Iran denies pursuing nuclear weapons and asserts its legitimate right, as a signatory to the nuclear Non-Proliferation Treaty (NPT), to develop nuclear technology for peaceful purposes, including uranium enrichment.

Does the IAEA think Iran is building nuclear weapons?

Addressing the UN watchdog’s Board of Governors on June 9IAEA Director General Rafael Grossi said Iran had accumulated 400kg (880lb) of uranium enriched to 60 percent.

“While safeguarded enrichment activities are not forbidden in and of themselves, the fact that Iran is the only non-nuclear-weapon State in the world that is producing and accumulating uranium enriched to 60 percent remains a matter of serious concern,” he said in a report to the Board of Governors.

On Thursdaya day before Israel’s attacks on Iran’s nuclear facilities, the IAEA board passed a resolution censuring Tehran and accusing it of violating its safeguards-related commitments to the UN agency.

But in an interview with CNN on Tuesday, Grossi was emphatic that Iran’s alleged violations of its assurances had not led his agency to conclude that Tehran was building bombs.

“We did not have any proof of a systematic effort to move into a nuclear weapon,” he said.

Meanwhile, Iran’s Ministry of Foreign Affairs and Atomic Energy Organization have rejected the IAEA’s resolution, insisting that Tehran remained committed to its safeguards obligations.

Can Iran build nuclear weapons soon – and how soon?

In his June 10 testimony, Kurilla claimed that if Iran were to decide to “sprint to a nuclear weapon”, it had enough stockpiles and centrifuges to produce up to 25kg (55lb) of weapons-grade uranium in “roughly one week” and enough to build up to 10 weapons in three weeks.

But Grossi, in the CNN interview on Tuesday, suggested a very different timeline.

“Certainly, it was not for tomorrow, maybe not a matter of years,” he said. “I don’t think it was a matter of years.”

And neither Kurilla, a military commander, nor Grossi, the boss of the UN’s nuclear regulator, have indicated how long they think it might take a country to actually build atomic weapons once they have a stockpile of weapons-grade uranium, even if that were Iran’s intention.

Kelsey Davenport, director for nonproliferation policy at the US-based nonprofit Arms Control Association, suggested Israel also knows that Iran has no imminent ability to build a bomb.

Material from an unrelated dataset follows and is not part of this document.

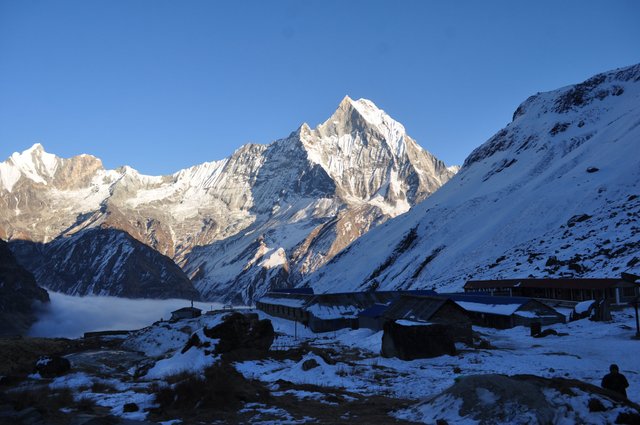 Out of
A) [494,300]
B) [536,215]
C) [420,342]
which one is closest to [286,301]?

“If there was truly an imminent proliferation risk, if Israel really thought that Iran was dashing towards a nuclear weapon, I think there would have been a much more sustained campaign trying to disrupt activities at Fordow and other activities at the Natanz site,” she told Al Jazeera, referring to Iranian nuclear facilities.

Are there echoes of 2003 and WMDs in the current debate?

To several observers of the Middle East, there are.

In the lead-up to the 2003 US invasion of Iraq, the US and the United Kingdom asserted that Iraq possessed WMDs, including chemical and biological weapons, and that it was pursuing a nuclear weapons programme.

These claims were central to justifying military action under the argument that Iraq posed an imminent threat to regional and global security. The US intelligence assessments at the time, including the 2002 National Intelligence Estimate, supported this view although with varying degrees of confidence.

After the invasion, extensive searches found no active WMD programmes in Iraq.

Subsequent investigations, including those by the US Senate Intelligence Committee and the UK’s Chilcot Inquiry, concluded that the intelligence was deeply flawed and was politicised by leaders to overstate Iraq’s WMD capabilities to build a case for the invasion.